### [WHAT THE TASK REQUIRES]
State how many lines in the listing below include the string "thumbnail". The answer is the number alone.

### [SOURCE DATA]
=== Section Start ===

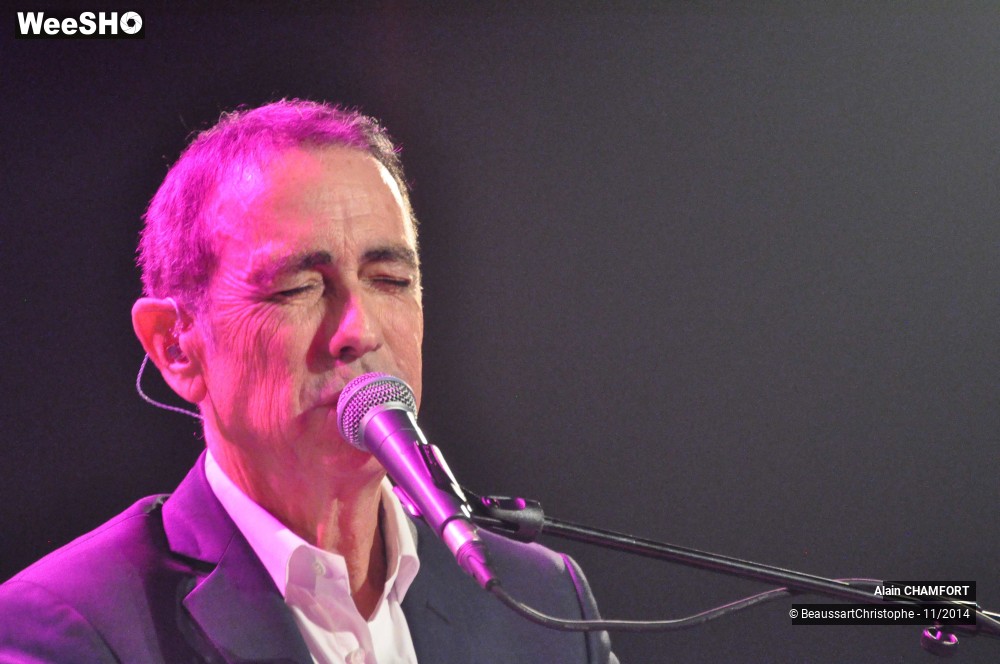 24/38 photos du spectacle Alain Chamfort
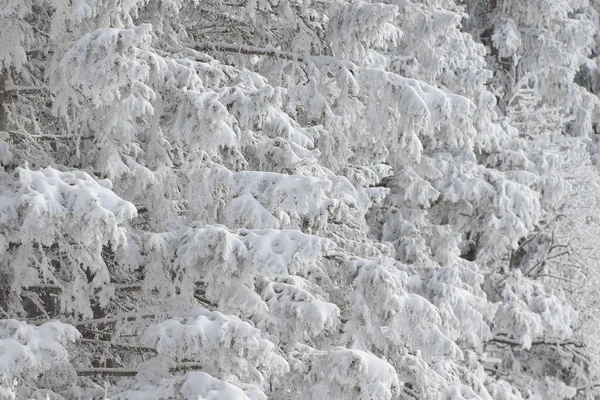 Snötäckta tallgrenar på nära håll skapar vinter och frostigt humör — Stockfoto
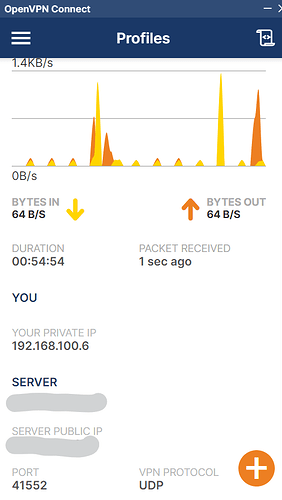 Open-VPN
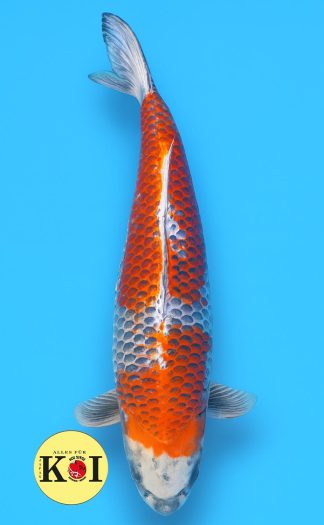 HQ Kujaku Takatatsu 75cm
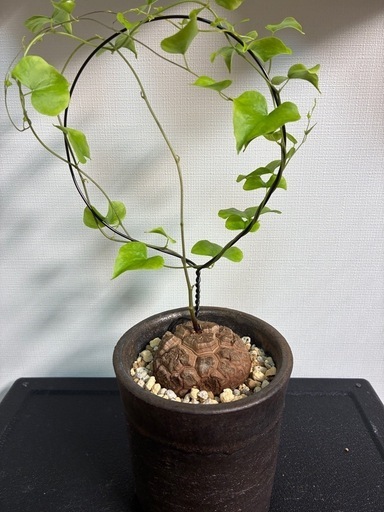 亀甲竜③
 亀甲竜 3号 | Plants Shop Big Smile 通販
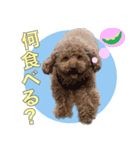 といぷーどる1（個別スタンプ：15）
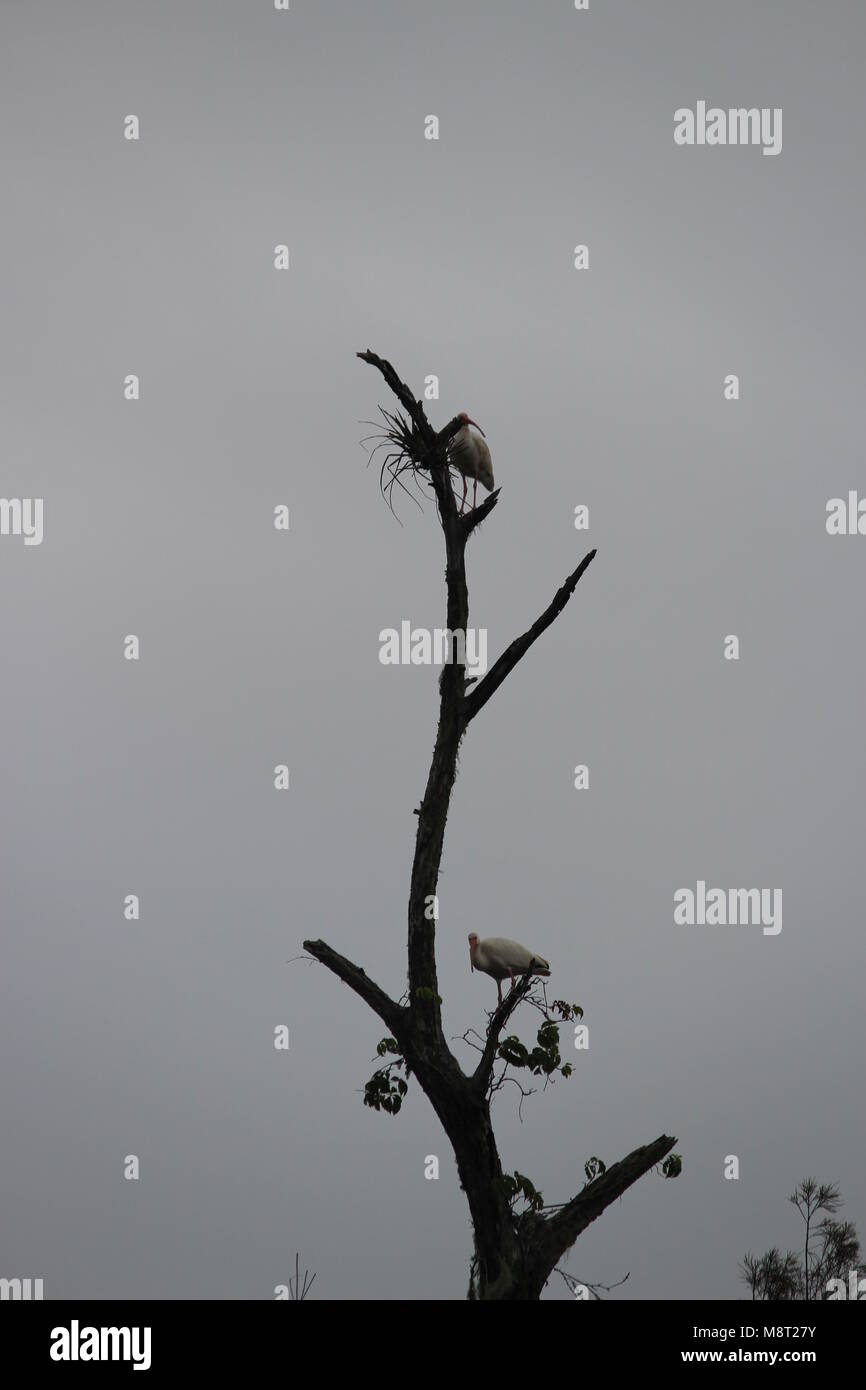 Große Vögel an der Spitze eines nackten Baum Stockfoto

=== Section End ===
=== Section Start ===

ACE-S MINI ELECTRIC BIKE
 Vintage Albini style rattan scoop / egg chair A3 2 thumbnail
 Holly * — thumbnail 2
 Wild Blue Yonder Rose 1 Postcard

=== Section End ===
=== Section Start ===

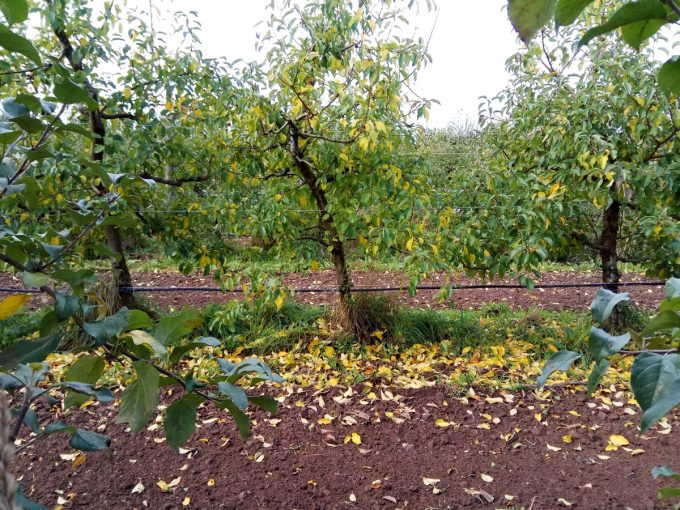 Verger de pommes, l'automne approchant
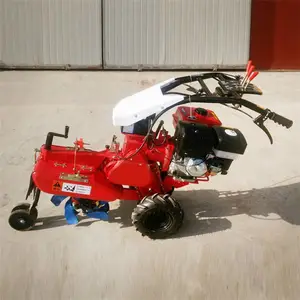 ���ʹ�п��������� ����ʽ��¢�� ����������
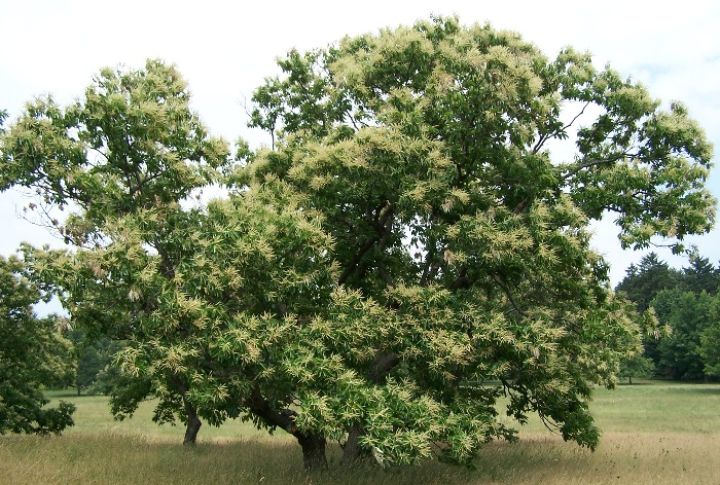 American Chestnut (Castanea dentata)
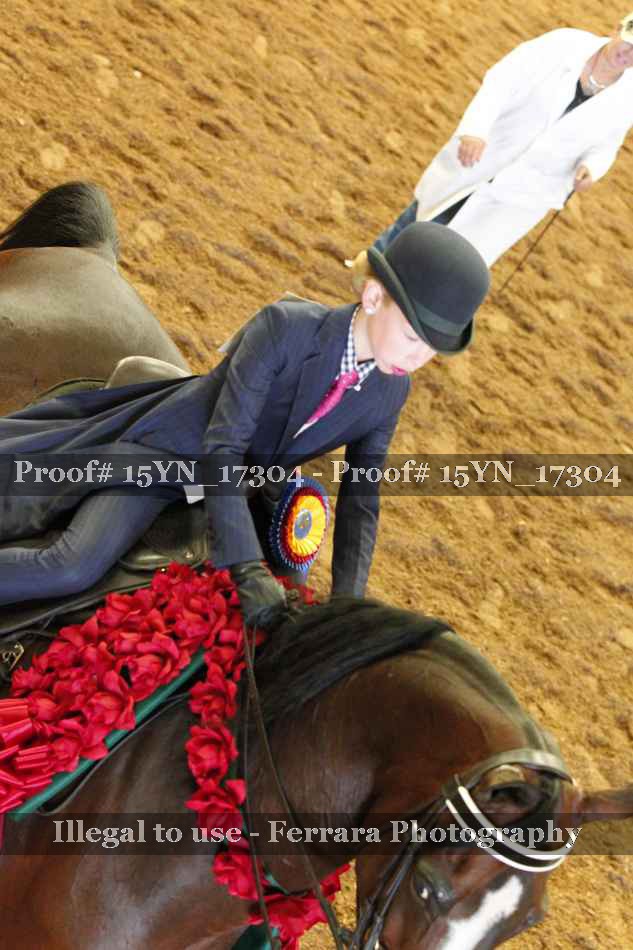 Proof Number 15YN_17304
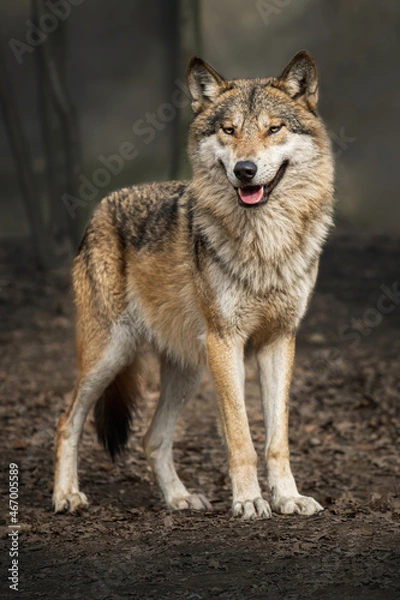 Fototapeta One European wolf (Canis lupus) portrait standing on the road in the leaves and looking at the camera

=== Section End ===

### [RESULT]
2